(Data begins)

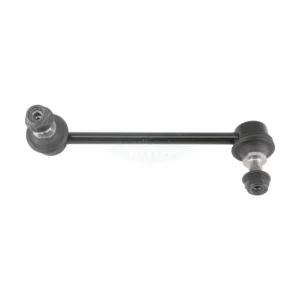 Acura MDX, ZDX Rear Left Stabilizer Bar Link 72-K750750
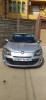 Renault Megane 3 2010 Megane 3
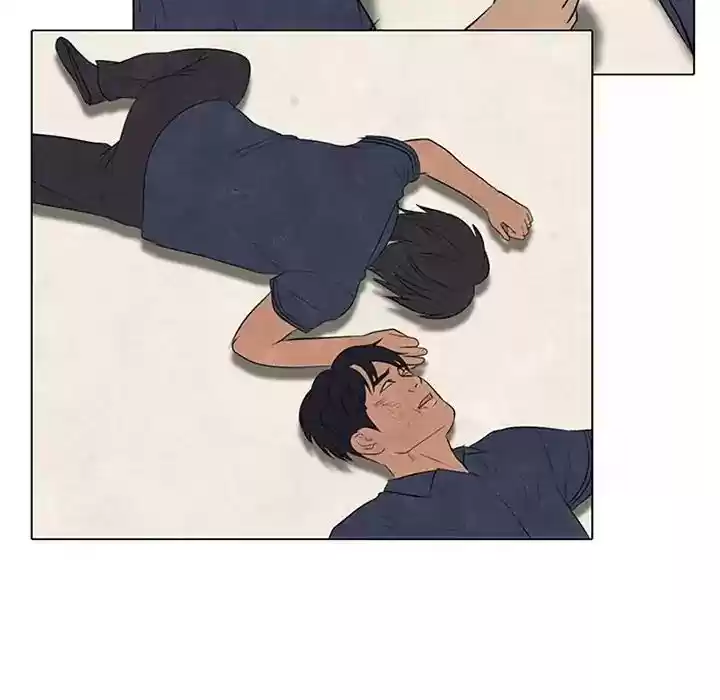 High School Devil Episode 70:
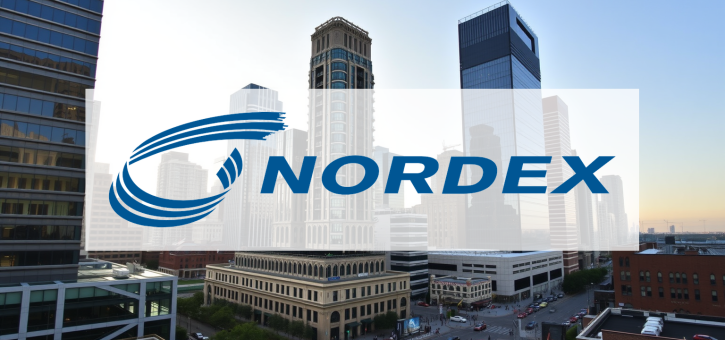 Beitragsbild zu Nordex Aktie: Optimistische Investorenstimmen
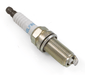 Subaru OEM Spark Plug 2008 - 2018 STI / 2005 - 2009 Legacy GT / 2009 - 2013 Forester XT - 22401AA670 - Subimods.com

(Data ends)
(Data begins)

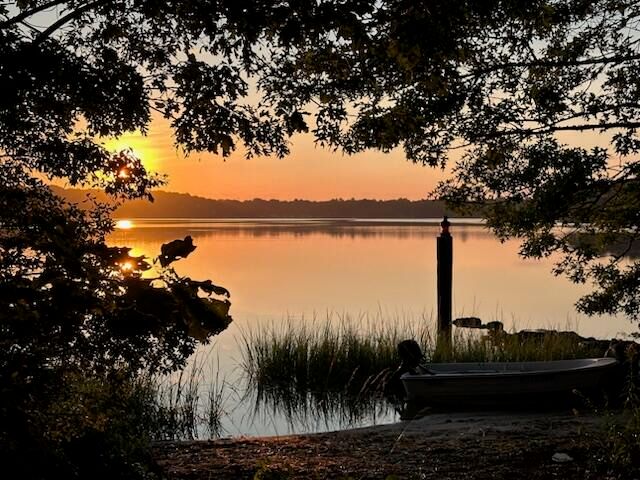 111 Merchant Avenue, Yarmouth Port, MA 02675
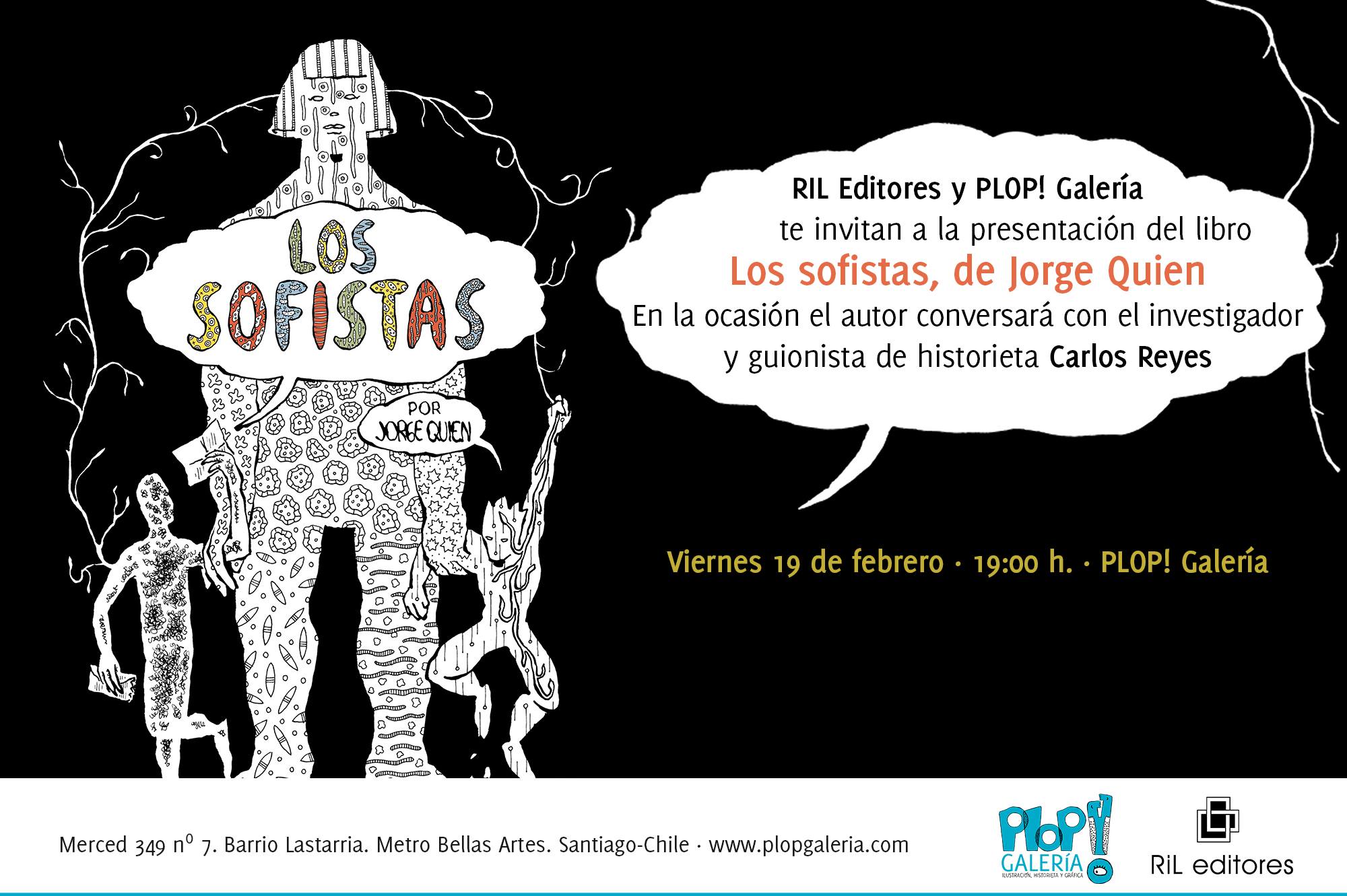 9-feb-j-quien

(Data ends)

▸ About this task:
Above are the records; copy from them only the lines starting at the one containing "Renault Megane 3 2010 Megane 3" and ending at the one containing "Subaru OEM Spark", exactly and without pictures.

▸ Result below:
 Renault Megane 3 2010 Megane 3
 High School Devil Episode 70:
 Beitragsbild zu Nordex Aktie: Optimistische Investorenstimmen
 Subaru OEM Spark Plug 2008 - 2018 STI / 2005 - 2009 Legacy GT / 2009 - 2013 Forester XT - 22401AA670 - Subimods.com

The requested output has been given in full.